= Description of the task =
Using the records below, write out the line with "Zidna slika Krista pred Pilatom" and each line after it through the final one, exactly, and only those.

..............................

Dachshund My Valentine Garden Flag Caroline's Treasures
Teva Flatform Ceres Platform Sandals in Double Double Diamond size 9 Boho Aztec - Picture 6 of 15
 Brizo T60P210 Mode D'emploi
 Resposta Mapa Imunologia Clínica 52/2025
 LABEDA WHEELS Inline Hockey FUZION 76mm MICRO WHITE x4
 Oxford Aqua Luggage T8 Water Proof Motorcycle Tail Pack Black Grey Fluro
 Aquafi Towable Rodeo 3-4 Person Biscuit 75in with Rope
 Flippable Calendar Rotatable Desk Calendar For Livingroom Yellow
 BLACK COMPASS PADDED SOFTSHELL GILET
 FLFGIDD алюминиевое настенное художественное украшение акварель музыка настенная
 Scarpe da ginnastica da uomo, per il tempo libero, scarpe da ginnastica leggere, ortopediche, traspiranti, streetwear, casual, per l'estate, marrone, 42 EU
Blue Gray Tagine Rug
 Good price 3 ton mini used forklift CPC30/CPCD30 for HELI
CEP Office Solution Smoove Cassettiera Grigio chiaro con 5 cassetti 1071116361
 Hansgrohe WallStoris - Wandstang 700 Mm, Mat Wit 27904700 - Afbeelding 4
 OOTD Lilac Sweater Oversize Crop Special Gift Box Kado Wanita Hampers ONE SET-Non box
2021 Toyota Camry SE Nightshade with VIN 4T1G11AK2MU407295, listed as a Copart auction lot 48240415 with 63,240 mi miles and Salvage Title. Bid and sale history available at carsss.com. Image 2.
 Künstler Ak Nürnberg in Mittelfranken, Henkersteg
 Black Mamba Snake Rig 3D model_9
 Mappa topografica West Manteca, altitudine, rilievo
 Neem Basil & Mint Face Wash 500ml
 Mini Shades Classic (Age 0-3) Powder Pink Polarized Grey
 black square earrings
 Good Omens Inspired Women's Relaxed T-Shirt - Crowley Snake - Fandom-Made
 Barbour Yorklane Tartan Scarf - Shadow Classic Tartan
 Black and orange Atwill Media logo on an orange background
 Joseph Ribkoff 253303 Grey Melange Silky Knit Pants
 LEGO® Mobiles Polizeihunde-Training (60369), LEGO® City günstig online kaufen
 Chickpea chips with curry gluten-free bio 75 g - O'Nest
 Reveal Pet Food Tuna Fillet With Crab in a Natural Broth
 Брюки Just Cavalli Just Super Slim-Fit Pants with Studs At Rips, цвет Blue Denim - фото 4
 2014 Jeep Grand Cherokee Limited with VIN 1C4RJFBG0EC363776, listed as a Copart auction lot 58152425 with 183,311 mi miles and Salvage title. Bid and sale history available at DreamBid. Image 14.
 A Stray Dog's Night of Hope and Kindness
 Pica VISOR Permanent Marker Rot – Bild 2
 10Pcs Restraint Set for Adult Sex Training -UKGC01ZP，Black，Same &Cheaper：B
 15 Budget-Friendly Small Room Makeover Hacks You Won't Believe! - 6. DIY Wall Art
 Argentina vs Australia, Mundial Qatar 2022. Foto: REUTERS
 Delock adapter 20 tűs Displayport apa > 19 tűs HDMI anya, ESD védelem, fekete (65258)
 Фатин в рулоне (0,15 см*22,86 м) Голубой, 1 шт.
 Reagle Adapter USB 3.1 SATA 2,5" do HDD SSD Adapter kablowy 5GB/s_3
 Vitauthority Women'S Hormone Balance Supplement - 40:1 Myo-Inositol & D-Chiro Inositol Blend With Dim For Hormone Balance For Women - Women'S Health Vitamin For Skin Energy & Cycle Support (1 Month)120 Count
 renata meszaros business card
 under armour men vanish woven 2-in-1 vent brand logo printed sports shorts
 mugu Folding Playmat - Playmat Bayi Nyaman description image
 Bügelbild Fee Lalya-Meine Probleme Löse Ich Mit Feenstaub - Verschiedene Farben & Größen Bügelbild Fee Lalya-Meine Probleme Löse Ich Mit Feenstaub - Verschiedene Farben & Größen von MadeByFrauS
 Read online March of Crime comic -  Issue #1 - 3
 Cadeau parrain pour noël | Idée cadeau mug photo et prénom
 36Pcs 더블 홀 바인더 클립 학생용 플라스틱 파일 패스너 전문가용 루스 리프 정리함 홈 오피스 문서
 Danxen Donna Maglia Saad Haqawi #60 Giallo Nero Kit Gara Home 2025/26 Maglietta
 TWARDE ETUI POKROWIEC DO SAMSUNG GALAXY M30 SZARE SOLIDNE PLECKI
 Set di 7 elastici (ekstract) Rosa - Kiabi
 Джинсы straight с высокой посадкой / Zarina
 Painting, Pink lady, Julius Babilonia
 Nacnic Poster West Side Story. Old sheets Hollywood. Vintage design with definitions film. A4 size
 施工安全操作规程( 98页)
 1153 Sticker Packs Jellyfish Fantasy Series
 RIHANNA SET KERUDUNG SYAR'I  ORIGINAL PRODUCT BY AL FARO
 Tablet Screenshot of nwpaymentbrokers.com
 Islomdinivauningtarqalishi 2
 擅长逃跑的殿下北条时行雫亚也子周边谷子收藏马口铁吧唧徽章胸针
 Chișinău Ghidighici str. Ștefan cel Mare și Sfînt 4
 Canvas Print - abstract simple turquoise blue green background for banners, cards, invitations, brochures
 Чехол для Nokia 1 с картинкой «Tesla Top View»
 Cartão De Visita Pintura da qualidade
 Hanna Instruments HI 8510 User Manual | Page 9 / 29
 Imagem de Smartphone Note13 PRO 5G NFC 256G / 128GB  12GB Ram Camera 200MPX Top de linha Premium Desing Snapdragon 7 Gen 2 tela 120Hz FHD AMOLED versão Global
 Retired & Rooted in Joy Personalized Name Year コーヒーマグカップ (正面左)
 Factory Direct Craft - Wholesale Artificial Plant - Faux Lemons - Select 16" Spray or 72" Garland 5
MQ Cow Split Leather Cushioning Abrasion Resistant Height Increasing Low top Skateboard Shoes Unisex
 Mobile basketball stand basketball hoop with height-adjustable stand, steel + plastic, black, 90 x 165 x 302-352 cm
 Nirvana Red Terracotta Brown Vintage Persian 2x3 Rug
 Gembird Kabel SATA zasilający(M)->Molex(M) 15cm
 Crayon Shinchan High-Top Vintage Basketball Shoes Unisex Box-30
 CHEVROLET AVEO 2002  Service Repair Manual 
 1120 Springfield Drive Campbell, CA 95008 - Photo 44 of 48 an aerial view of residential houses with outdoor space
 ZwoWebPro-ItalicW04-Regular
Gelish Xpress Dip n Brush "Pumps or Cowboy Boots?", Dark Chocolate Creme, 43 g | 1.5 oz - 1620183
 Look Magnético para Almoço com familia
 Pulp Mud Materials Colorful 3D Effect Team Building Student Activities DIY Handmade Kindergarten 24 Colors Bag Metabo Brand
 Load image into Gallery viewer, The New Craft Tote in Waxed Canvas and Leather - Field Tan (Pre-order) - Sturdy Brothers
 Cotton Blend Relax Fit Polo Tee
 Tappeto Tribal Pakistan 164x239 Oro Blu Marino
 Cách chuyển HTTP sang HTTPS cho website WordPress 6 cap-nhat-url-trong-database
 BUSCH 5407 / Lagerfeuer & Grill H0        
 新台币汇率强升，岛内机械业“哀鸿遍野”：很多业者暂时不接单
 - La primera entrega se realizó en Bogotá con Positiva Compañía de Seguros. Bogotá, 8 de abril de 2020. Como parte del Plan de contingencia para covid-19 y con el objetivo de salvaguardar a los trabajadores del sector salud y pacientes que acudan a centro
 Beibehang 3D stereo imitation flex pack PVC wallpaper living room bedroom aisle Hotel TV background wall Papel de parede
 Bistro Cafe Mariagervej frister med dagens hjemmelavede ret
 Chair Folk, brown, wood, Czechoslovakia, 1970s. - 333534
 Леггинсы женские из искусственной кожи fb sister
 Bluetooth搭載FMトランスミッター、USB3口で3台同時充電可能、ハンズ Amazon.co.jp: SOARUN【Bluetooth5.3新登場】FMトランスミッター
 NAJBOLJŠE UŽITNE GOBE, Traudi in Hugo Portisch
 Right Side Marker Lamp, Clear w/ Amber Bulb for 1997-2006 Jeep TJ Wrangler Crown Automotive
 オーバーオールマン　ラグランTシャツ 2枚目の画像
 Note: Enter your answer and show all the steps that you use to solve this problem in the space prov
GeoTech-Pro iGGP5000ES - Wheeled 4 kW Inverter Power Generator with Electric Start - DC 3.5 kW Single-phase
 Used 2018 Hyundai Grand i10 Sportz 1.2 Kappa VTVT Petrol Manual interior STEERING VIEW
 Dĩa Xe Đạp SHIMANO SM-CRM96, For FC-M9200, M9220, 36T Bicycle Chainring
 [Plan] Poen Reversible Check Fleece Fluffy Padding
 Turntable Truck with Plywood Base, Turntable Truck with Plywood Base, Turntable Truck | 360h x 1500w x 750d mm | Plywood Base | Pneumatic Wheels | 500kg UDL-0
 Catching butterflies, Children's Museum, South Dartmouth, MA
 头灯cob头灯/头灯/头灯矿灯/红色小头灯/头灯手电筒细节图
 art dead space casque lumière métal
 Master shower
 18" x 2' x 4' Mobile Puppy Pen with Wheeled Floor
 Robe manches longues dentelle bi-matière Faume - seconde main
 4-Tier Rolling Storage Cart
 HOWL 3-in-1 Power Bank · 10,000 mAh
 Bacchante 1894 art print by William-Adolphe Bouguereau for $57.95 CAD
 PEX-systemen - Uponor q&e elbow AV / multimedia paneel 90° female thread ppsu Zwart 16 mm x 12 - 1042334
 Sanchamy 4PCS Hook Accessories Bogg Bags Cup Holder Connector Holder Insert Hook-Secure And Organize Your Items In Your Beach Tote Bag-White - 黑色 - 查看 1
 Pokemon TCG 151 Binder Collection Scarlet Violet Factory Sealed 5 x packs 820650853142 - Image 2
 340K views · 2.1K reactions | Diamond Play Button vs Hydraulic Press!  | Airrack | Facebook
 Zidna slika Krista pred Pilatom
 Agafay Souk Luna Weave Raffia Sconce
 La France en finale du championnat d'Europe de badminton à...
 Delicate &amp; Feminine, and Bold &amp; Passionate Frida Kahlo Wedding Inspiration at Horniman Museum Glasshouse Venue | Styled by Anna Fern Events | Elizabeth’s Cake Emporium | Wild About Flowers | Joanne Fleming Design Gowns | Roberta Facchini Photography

..............................

= Expected answer =
 Zidna slika Krista pred Pilatom
 Agafay Souk Luna Weave Raffia Sconce
 La France en finale du championnat d'Europe de badminton à...
 Delicate &amp; Feminine, and Bold &amp; Passionate Frida Kahlo Wedding Inspiration at Horniman Museum Glasshouse Venue | Styled by Anna Fern Events | Elizabeth’s Cake Emporium | Wild About Flowers | Joanne Fleming Design Gowns | Roberta Facchini Photography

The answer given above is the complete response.